The Saratoga Sandplains are also characterized by seasonal wetlands known as vernal pools, and these areas support other important species such as the endangered Blanding’s turtle. The turtles live in vernal pools and wetlands, but they rely on open, sandy areas for nesting and laying their eggs. The habitat restoration work that was originally undertaken for the Karner blues has ended up encouraging diversity and benefiting an entire suite of other important and endangered animals including the Blanding’s turtle, eastern spadefoot toad, eastern hognose snake, blue-spotted salamander and the frosted elfin butterfly.

Olson summed up WWPP’s mission and the importance of the Karner blue: “It took the butterfly to be the catalyst for protecting the land, but that protection provides lots of benefit to people as well. WWPP provides an important place for people to recreate, interact with, and learn about nature. There’s plenty of challenge ahead, but when you consider how far the organization has come in just 15 years, it is a real testament to the dedication of the partner organizations, the volunteers, and the community.”

A Chat with Margo Bloom Olson, WWPP Executive Director

Margo Bloom Olson was appointed as the Executive Director of the Wilton Wildlife Preserve & Park in November, 2010, and I recently had the opportunity to talk with her about her background and the challenges and opportunities facing WWPP.

Jeff – There’s been a lot going on at WWPP over the past several months since you were appointed Executive Director. Could you fill us in some of these developments?

Margo – We just completed the acquisition of another parcel of land in February, bringing our total protected lands up to around 2400 acres. Besides providing an important link between parcels that have already been protected, the new acquisition provides acreage that is suitable for restoration to habitat that supports the Karner blue butterfly and other important species.

And speaking of habitat restoration, we’re finishing up a major restoration project at Camp Saratoga. Lands were cleared there last fall, and will be replanted with native grasses and nectar species this spring.

We’re also excited about the restoration and relocation of an historic fire tower to the Camp Saratoga parcel. The fire tower presents us with some interesting interpretational and educational opportunities, and there will be a dedication ceremony later this spring. These projects were all underway before my arrival at WWPP in November, but it’s exciting to see them coming to fruition.

Jeff – What brought you to WWPP?

Margo – My background is in environmental education, first as an Interpretive Ranger at Grand Canyon and King’s Canyon / Sequoia National Parks, and then later in positions with the Five Rivers Environmental Education Center in Delmar, the Junior Museum in Troy, and the State Museum in Albany. After taking some time out of the workforce to raise three kids, and then a part-time position at Skidmore, WWPP represented an opportunity to return to the field of environmental education.

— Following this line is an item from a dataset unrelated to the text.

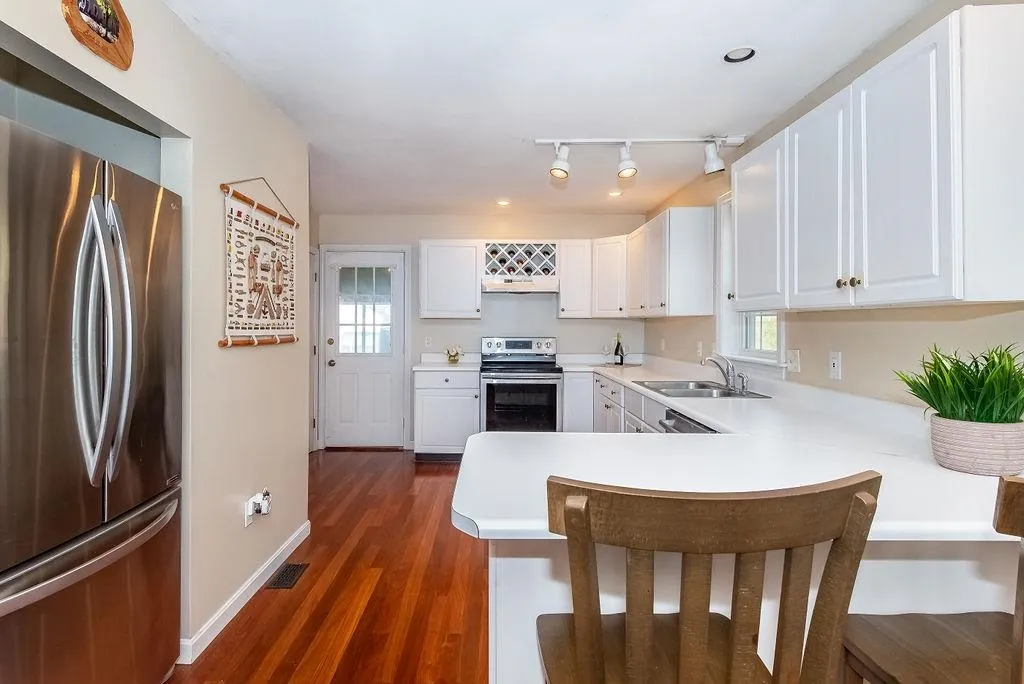 13 Oak Hill Lane Exeter NH 03833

Jeff – What do you see as the major challenges and opportunities facing WWPP?

Margo – Whew! I’ll start with the opportunities. First, WWPP represents a wonderful partnership between the Town of Wilton, Saratoga County, the NYS Department of Environmental Conservation, and The Nature Conservancy. These organizations all come together under the umbrella of the WWPP with their own missions and priorities, but also with their own technical expertise, funding and other resources. It’s a real collaborative effort and that partnership has been very successful. The partnership model, our dedicated volunteers and strong community support represent exciting opportunities for WWPP.

I’m also excited about the importance of educational programming in WWPP’s mission. We work in the local elementary schools and with various children’s groups, and the opportunity to have that impact on young people is exciting.

As for challenges, like most non-profit organizations our biggest challenges are in fundraising and building constituency and awareness. But once people see what a wonderful resource they have here in their backyards, the other pieces fall into place. The community understands that WWPP is both a preserve for nature and a park for people.